A wild(er) day!
I was called by the BBC on my mobile phone at 2:30 pm
I sat in the lobby and watched Dev Patel (star of Slumdog Millionaire) walk in with his family. They have to keep an eye him, I suppose – keep the girls away.
The producer came down and took me, not to the studio as I expected, but to the Blue Peter garden, and a cameraman came out and set-up quickly. The background was a bush and it started to snow. The producer stayed off camera, holding the mic, and asked me a few questions, to which my answers had to be self-explanatory (ie the viewer would not hear the questions). I wondered if this was not for the main News, but for some local thing that no-one watches – hence the use of a bush in the Blue Peter garden as background. I was disappointed.
However, the producer liked my answers and, as the snow fell, he called someone on his mobile phone. There was talk of Newsnight, but apparently they already had some regular players lined up for that. However, he took me back inside, asked me to wait in the lobby again, and went away for a while. Eventually, he came back with another producer and they said they couldn’t promise anything, but would I mind waiting in the Green Room, and they would see what they could do.
In the Green Room I met a man from Lloyds who insures satellites and a woman who works as a dating consultant. Then the host of the Green Room – a delightful young lady determined to make her career in media and cheerfully working her way up with dignity – looked at her screen and said to me: ‘Looks like they’ve got you down for the News at 7:04’.
Live, it was going to be live in the studio!
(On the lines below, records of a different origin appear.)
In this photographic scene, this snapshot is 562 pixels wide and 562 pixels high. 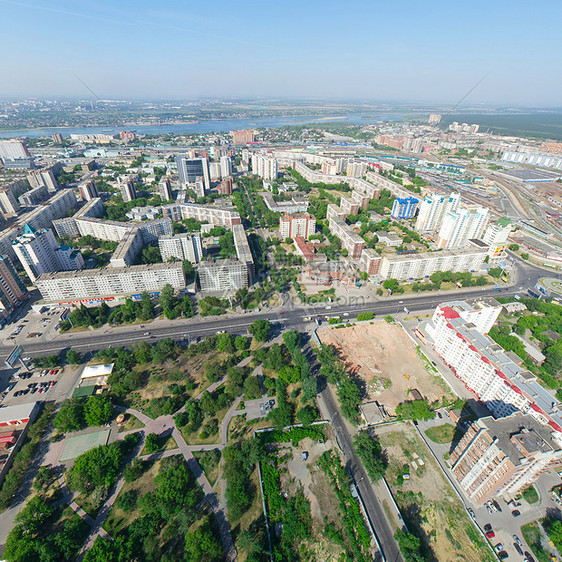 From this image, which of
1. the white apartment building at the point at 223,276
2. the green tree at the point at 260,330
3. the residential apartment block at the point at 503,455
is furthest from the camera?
the white apartment building at the point at 223,276

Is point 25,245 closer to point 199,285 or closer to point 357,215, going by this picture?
point 199,285

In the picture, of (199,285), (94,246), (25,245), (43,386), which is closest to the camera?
(43,386)

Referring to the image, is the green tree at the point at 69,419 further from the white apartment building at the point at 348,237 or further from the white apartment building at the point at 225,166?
the white apartment building at the point at 225,166

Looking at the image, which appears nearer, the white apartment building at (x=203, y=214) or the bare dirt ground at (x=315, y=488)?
the bare dirt ground at (x=315, y=488)

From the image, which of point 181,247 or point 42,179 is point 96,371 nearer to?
point 181,247

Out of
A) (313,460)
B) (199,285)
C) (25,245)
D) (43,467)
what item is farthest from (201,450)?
(25,245)

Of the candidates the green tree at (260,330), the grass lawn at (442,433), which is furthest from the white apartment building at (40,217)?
the grass lawn at (442,433) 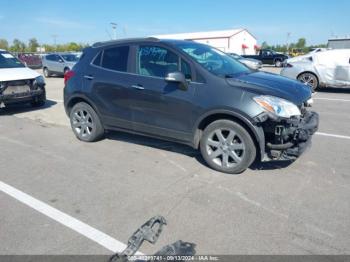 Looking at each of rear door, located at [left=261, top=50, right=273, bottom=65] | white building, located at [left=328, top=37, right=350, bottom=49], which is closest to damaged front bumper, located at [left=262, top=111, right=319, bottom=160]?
rear door, located at [left=261, top=50, right=273, bottom=65]

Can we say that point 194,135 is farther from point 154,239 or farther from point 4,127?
point 4,127

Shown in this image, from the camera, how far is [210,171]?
429cm

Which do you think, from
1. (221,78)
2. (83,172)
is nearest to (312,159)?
(221,78)

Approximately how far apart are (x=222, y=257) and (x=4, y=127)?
20.7 feet

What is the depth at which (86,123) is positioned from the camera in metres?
5.67

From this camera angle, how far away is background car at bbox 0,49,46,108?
25.3 ft

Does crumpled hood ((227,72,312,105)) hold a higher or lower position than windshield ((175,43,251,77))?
lower

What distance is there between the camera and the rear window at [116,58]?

I watched the News start from the Green Room at 7:00 and they came to get me at 7:01
It was Tim Wilcox and Sophie Long, sitting in a large room with screens and automated cameras, but no people except myself and the gentleman who brought me in, standing to one side.
He sat me down next to beautiful Sophie at the appropriate moment.
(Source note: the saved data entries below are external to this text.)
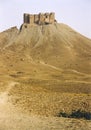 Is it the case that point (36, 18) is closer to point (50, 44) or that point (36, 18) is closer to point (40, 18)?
point (40, 18)

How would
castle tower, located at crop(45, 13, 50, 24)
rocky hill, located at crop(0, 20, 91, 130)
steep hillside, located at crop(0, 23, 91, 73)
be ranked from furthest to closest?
castle tower, located at crop(45, 13, 50, 24), steep hillside, located at crop(0, 23, 91, 73), rocky hill, located at crop(0, 20, 91, 130)

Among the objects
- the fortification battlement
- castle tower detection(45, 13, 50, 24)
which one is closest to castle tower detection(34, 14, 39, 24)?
the fortification battlement

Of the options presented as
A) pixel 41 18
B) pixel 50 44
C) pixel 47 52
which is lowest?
pixel 47 52

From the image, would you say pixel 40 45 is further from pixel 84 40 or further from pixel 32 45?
pixel 84 40

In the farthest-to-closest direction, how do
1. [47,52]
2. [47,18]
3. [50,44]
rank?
[47,18], [50,44], [47,52]

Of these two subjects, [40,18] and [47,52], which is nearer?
[47,52]

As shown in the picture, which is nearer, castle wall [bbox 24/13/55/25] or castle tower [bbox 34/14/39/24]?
castle wall [bbox 24/13/55/25]

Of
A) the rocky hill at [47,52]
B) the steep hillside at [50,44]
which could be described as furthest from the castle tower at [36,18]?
the steep hillside at [50,44]

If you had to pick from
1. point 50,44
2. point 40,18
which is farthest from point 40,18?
point 50,44

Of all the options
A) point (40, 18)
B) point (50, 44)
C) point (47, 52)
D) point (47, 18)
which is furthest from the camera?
point (47, 18)

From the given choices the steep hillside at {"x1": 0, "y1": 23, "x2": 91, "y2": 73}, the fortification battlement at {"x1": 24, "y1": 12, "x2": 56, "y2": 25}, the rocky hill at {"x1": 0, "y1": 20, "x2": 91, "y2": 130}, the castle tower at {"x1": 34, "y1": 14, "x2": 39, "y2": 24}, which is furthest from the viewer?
the castle tower at {"x1": 34, "y1": 14, "x2": 39, "y2": 24}

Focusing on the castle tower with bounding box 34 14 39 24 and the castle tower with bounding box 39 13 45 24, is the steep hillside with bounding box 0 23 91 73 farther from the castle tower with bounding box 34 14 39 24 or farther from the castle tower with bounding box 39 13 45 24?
the castle tower with bounding box 34 14 39 24

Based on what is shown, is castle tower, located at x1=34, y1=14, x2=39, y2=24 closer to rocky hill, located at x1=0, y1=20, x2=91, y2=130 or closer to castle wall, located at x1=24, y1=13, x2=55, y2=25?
castle wall, located at x1=24, y1=13, x2=55, y2=25

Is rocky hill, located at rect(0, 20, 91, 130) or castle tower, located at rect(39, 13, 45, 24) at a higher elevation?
castle tower, located at rect(39, 13, 45, 24) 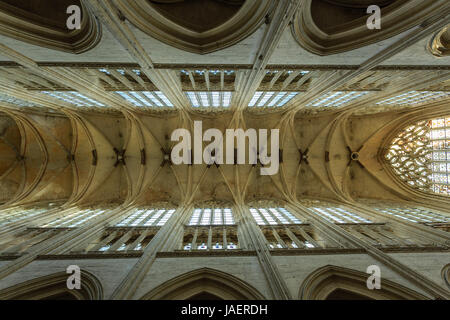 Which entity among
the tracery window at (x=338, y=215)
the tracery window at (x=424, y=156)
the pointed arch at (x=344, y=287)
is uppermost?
the tracery window at (x=424, y=156)

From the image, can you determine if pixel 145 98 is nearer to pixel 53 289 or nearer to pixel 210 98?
pixel 210 98

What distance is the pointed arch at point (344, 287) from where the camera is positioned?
21.3 ft

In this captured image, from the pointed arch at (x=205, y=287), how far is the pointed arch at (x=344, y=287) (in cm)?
171

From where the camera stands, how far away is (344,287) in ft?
23.2

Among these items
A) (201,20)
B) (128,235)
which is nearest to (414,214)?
(201,20)

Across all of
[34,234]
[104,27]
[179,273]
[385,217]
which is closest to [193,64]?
[104,27]

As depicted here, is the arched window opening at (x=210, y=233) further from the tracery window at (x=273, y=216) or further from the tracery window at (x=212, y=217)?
the tracery window at (x=273, y=216)

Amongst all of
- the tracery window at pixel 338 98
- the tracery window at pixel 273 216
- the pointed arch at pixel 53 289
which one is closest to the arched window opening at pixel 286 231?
the tracery window at pixel 273 216

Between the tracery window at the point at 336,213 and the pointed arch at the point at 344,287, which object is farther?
the tracery window at the point at 336,213

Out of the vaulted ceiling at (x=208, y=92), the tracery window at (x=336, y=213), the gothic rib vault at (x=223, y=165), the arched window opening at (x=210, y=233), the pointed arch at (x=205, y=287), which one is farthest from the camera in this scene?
the tracery window at (x=336, y=213)

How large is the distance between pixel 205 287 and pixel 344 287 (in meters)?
4.52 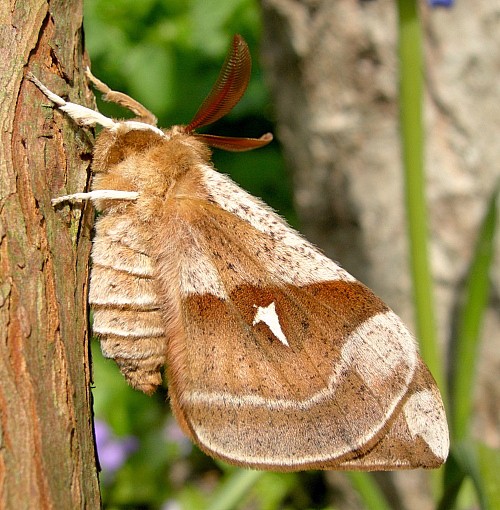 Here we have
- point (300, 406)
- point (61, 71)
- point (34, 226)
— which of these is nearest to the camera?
point (34, 226)

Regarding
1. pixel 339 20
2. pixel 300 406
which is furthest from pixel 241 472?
pixel 339 20

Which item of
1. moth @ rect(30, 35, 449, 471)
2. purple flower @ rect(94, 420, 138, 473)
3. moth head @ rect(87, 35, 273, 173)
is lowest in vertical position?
purple flower @ rect(94, 420, 138, 473)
They allowed me to speak at length and I was able to make the following points. This is more or less what I said, in response to Sophie’s questions.
‘Mr Wilders is an EU citizen and he has the right of freedom of movement around the European Union, as well as the right of freedom of speech, which we all have.
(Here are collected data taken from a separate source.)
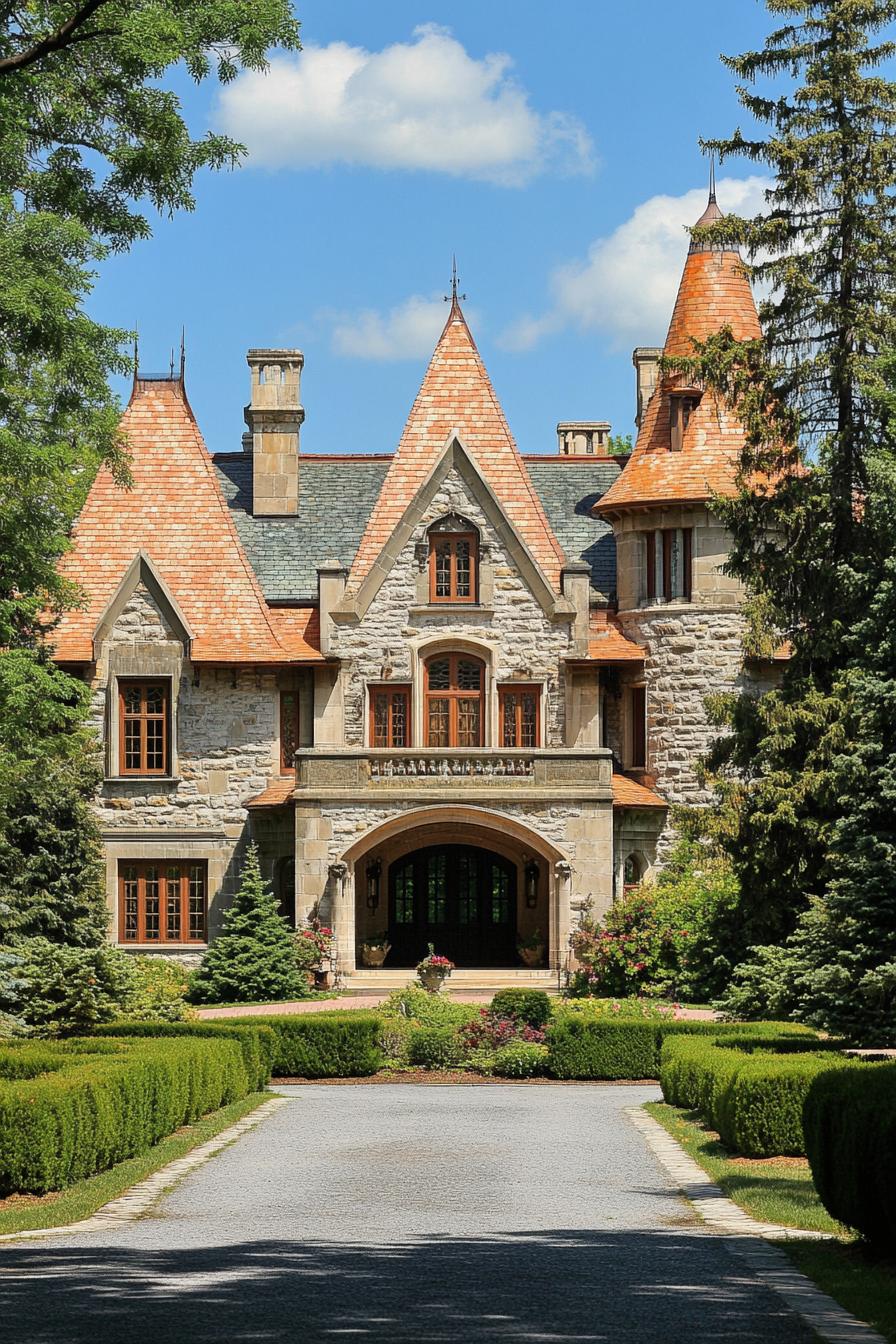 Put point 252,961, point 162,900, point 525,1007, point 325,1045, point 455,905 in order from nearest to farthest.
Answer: point 325,1045
point 525,1007
point 252,961
point 162,900
point 455,905

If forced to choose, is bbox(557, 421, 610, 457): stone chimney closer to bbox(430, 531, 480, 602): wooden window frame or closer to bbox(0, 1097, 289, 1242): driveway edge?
bbox(430, 531, 480, 602): wooden window frame

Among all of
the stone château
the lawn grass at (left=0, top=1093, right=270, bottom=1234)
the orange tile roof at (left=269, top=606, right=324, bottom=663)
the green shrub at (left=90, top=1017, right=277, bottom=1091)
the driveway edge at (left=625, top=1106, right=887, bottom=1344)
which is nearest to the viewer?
the driveway edge at (left=625, top=1106, right=887, bottom=1344)

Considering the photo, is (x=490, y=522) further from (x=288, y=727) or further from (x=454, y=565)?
(x=288, y=727)

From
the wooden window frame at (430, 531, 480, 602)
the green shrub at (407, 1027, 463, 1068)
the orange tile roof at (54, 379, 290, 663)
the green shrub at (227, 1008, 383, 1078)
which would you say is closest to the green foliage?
the green shrub at (407, 1027, 463, 1068)

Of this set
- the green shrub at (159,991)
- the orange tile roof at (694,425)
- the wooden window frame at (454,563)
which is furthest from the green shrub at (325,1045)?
the orange tile roof at (694,425)

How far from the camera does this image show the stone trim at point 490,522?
123ft

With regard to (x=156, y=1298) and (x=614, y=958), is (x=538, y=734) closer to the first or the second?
(x=614, y=958)

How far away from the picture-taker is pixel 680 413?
38.6 meters

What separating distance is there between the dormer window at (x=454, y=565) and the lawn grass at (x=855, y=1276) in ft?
85.8

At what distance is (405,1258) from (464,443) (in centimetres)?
2839

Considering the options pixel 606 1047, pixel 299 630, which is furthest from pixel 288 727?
pixel 606 1047

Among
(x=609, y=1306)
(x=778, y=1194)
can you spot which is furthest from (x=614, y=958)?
(x=609, y=1306)

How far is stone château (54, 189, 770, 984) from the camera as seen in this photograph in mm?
37375

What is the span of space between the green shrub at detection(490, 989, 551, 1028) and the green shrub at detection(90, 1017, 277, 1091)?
4.27 metres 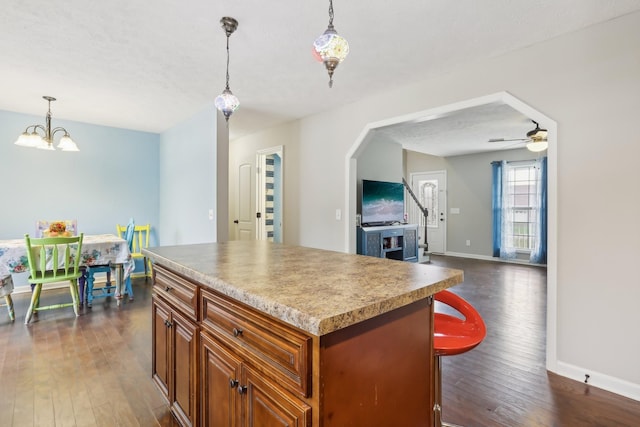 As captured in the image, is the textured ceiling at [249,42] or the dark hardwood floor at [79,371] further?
the textured ceiling at [249,42]

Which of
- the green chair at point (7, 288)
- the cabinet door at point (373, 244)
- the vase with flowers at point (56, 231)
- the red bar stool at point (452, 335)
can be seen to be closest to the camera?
the red bar stool at point (452, 335)

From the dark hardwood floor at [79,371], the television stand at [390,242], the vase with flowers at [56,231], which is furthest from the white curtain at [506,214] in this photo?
the vase with flowers at [56,231]

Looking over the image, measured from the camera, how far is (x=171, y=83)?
316cm

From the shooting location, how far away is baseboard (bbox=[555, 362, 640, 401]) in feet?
6.57

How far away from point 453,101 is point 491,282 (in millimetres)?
3290

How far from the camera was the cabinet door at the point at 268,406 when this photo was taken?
861 millimetres

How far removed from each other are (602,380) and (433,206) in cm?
622

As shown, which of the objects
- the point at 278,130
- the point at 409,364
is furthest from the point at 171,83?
the point at 409,364

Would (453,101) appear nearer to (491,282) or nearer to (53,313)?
(491,282)

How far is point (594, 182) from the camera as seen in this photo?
2.15 meters

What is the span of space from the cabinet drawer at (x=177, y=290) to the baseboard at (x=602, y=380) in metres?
2.52

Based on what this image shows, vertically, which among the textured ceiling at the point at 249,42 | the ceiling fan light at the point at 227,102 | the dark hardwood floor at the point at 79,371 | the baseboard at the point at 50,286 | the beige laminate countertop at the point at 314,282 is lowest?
the dark hardwood floor at the point at 79,371

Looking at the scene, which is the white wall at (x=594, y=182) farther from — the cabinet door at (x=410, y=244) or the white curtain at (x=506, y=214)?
the white curtain at (x=506, y=214)

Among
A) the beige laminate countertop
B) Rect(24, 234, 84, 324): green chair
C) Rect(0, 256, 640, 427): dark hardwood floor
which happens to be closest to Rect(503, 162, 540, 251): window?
Rect(0, 256, 640, 427): dark hardwood floor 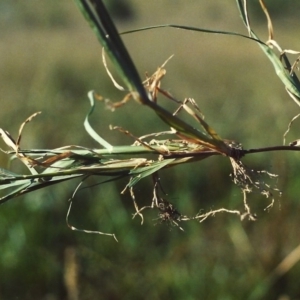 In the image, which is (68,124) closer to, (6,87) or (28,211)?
(28,211)

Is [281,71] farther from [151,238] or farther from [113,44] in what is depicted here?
[151,238]

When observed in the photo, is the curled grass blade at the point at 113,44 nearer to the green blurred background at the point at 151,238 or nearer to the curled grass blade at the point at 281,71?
the curled grass blade at the point at 281,71

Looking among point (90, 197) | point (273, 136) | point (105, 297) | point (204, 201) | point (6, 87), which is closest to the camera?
point (105, 297)

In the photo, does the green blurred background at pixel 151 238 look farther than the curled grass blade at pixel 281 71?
Yes

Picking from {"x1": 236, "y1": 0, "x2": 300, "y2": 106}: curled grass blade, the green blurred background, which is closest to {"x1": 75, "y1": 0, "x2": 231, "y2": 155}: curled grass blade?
{"x1": 236, "y1": 0, "x2": 300, "y2": 106}: curled grass blade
The Government’s move to ban his entry into this country has reinforced the perception that Muslims use bullying tactics and threats of violence to suppress free speech. This is completely the wrong message to send.
Muslims already have a terrible PR problem, and this has just made things worse.
The correct Muslim reaction should have been no reaction. Let him come, show his film and go about this business, without Muslims making a fuss. This response of banning him has merely reinforced all the negative stereotypes about Muslims being violent and unreasonable.
I have seen the film and it is truly awful. It’s completely unbalanced and it serves no positive purpose. Its intention is to provoke anger and hatred.
Let me explain to you with a simple analogy what Mr Wilders has done. I know that Judaism is a religion of peace and spirituality. That’s a fact. I know many Jewish people who are peaceful and spiritual. But if someone made a film showing what the Israeli army just did in Gaza, and played against it a soundtrack of some of the difficult verses from the Old Testament … instructing to ‘enter this township and slay every man, woman and child’ … that would be a hideous distortion of what Judaism is, it would be grossly unfair and utterly immoral, there would be an outcry … no-one would be stupid enough to do this … but that is exactly what Mr Wilders has done … but because it’s about Islam, he knows he can get away with it.
The correct response should be calm communication … respectful dialogue. I would like to sit down with Mr Wilders and have a respectful conversation with him.
I sent him a Dutch copy of my book a year ago, but he never replied.’
Apparently it was repeated at 10 pm
. My title on screen was ‘Imran Ahmed (sic) – British Muslims for Secular Democracy’.